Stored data
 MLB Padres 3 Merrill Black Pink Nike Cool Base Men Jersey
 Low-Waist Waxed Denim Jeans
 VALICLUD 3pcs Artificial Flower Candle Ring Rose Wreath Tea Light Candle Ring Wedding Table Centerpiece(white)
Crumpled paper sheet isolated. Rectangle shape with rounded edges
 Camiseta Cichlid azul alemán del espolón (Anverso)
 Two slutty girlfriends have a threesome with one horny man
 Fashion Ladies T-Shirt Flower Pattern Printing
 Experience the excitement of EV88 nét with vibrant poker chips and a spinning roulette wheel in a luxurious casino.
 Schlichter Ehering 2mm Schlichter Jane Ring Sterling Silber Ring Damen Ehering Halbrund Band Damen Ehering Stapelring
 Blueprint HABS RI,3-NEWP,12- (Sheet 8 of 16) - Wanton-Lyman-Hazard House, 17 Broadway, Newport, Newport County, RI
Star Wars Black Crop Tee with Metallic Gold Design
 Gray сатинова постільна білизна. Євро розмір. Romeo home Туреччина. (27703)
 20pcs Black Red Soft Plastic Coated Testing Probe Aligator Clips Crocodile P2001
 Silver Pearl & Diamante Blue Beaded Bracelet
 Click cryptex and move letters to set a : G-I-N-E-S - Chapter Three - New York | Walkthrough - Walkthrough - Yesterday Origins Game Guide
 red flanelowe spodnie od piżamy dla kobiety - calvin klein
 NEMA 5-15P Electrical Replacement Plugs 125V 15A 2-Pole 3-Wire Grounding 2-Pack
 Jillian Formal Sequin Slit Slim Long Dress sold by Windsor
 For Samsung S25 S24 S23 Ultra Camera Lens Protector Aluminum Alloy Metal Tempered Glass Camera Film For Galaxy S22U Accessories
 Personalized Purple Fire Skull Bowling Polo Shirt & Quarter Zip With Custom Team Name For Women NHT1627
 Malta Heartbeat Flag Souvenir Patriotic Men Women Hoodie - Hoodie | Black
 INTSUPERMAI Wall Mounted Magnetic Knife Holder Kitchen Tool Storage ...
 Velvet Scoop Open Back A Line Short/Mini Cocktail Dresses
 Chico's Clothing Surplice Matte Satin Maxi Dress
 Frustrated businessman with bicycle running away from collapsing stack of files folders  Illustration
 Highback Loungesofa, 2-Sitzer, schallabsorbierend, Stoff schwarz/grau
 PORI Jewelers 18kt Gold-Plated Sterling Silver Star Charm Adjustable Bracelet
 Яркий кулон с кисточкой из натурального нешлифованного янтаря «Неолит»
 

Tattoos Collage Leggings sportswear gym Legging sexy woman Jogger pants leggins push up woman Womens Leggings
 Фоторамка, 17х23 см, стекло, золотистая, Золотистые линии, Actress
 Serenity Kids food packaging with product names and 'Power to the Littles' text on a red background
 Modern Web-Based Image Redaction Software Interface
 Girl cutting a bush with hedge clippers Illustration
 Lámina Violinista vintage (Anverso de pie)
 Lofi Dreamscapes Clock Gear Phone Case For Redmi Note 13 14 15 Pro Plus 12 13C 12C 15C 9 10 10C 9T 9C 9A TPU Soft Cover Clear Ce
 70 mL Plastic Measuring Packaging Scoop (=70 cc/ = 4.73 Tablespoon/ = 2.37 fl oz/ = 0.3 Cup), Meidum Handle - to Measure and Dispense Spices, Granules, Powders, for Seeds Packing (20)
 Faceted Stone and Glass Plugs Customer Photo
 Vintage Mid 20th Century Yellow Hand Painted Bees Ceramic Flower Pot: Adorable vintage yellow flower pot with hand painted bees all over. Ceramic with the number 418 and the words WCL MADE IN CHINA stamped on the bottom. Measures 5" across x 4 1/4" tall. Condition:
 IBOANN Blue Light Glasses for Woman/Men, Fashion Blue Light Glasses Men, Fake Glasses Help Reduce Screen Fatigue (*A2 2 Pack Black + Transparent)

Prompt
Count lines, not occurrences: report how many lines in the entries above include the word "Bracelet", as a number alone.

Written solution
2